Mother-poets, stuck in a sticky blood bond. Even though I am one of those poets who is generally more interested in what poems do than in what they talk about, even though I have no special interest in birth, as a subject (in my life as a person, I adopted a baby), fear this draft wants to open its legs and push.

 

 (True story: A man I read with recently said, “I normally hate motherhood poems, but yours are O.K.”)

 

 If the baby in my poem turns out to be my baby, fear the poem is too much mine. Tightly clasped in the arms of the personal, balanced on the hip of the personal, covered with crusts of the personal. Fear the poem assumes you will feel what I feel. Feel the poem assuming, feel the poem presuming. Fear the poem demanding you revere. Fear the poem demanding you feel awe. Fear the poem demanding you feel. Feel the poem saying shhh.

 

 “You.” Who are you?

 

You are an editor, you are a writer, a poet, a composer, an artist, you are a thinker, you are a colleague, you are a manuscript screener, you are a friend, a fellow person. Where once I would simply be at work on a poem, not thinking about the reader, now that a baby has appeared, you are in the room.

 

 Half the trouble is the baby’s creeping sentimentality, half of the trouble is the way I hold this baby up to be kissed (this is not what I am doing).

 

Fear loss of credibility.

 

(True story: I was interviewing for a visiting professorship. The interview went well. When I didn’t get the job, I asked the program director, in the interest of improving my chances for future jobs, if there was anything I might have handled differently. Well, the director said, you mentioned you have a young child. We wanted someone who will be in the department all the time, who will be in her office in the evenings, not just during office hours. We wanted someone who will be completely devoted to her students. We wanted you to be their Literary Mama.[2])

 

 Fear the Quorum of Seriousness, which gazes upon my poem and says, This is not a poetry we take seriously. We have labored for decades and a century to invent new ways for poems to work; we have questioned how music and diction and the connection between words and sense-making and the world happen. Now you naively trust them.

 

 But I don’t naively trust them! (I say). A baby might be trusting, but I am not the same as the baby. I am the person writing.

 

 The Quorum of Seriousness continues: We have written about incarceration, we have written about addiction, we have used the forms of science, we have written exuberantly about skyscrapers, we have been concerned with destruction, oblivion. We have been murdered for what we wrote in our poems. We have quested after individual voice; we have questioned it.
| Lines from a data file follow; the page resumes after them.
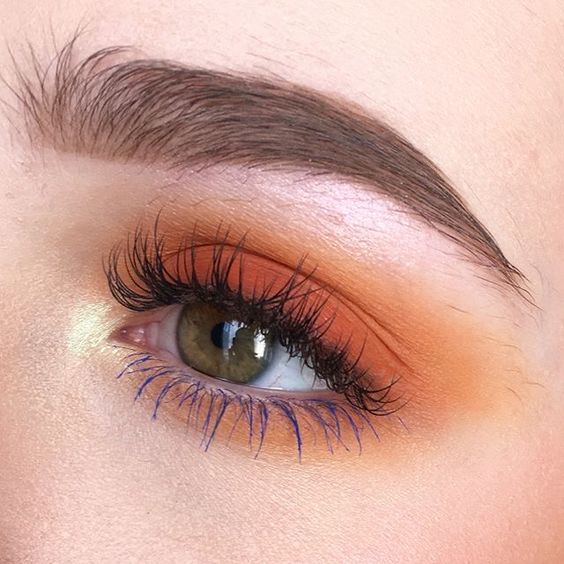 Maquillaje de ojo sencillo en color naranja y amarillo 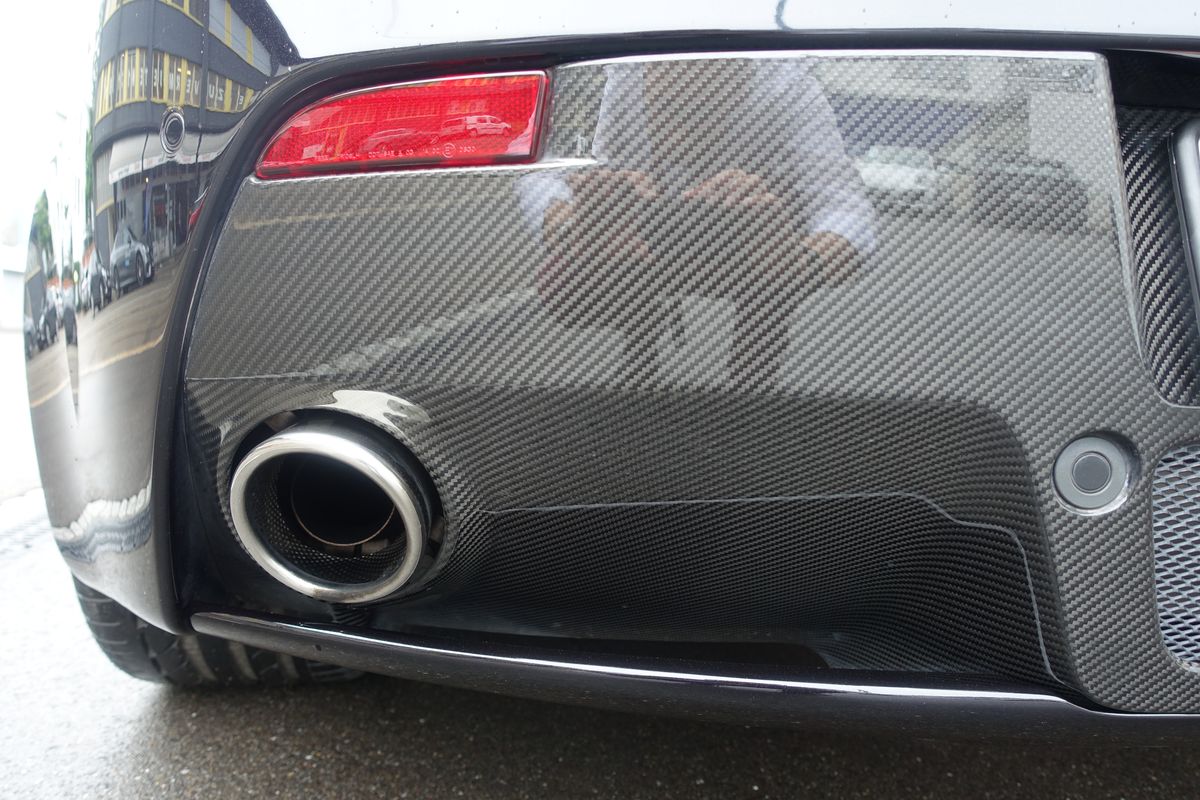 Aston Martin Vantage S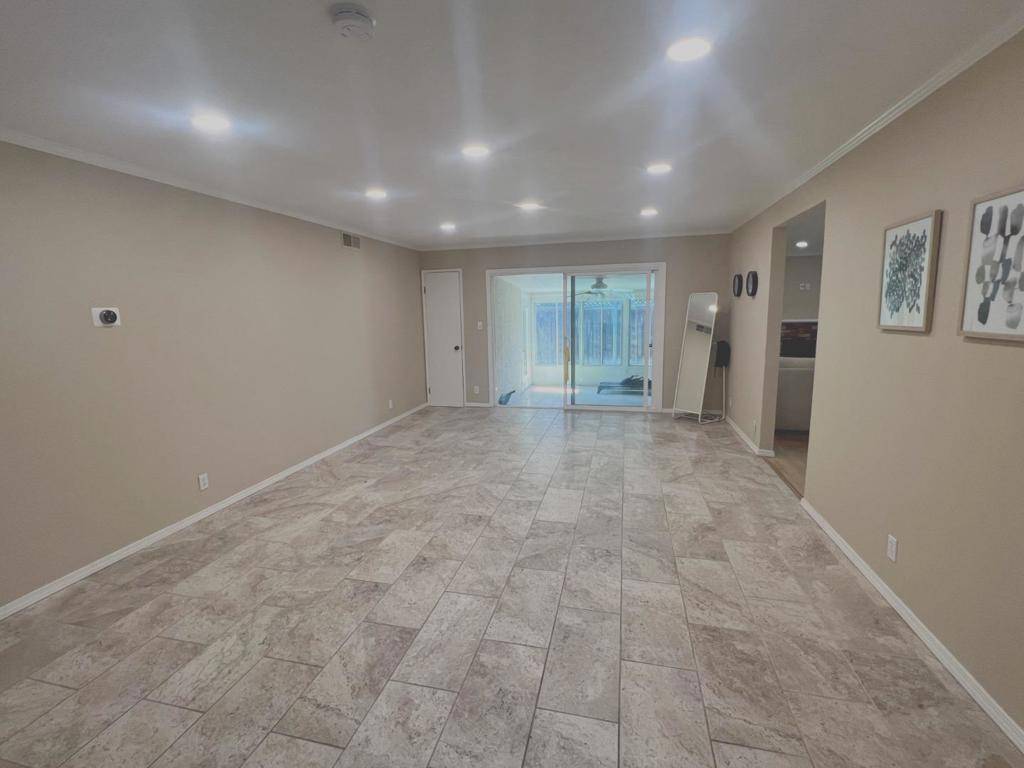 Fremont, CA 94536,4675 Alameda DR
Some of us have forsaken meaning for words only. Some of us have forsaken words for sound. We have collaged letters and dialogue and court testimony and road signs. Sometimes we have returned to our personal pain, but never without an awareness of the ongoingness of the world. Sometimes we have returned to talking about oceans, but never now within a strictly private awe.

 

 But I am not enveloped in a private awe. Am I enveloped in a private awe? I don’t know how I feel. There is not even a poem yet.

 

 For a hundred years (the Quorum, at least half of which is female, goes on), we have given women other things to write out of, to write around, to write about, besides what you have here on your piece of paper.

 

 Sixty laser pointers converge upon the word “baby,” burning a hole through my draft.

 

 If I fail at this poem with a baby in it, I make a personal mistake. The poem has that soft place on its head like ripe fruit, a spoiling spread over to me.

 

 A mistake of intellect is understandable. A mistake of sentiment is just embarrassing. If I had made an error of form, or of perception, or of language, I would go on and write the next poem, and you, reader, writer, artist, critic, friend, might read it, because eventually I would have made it work. 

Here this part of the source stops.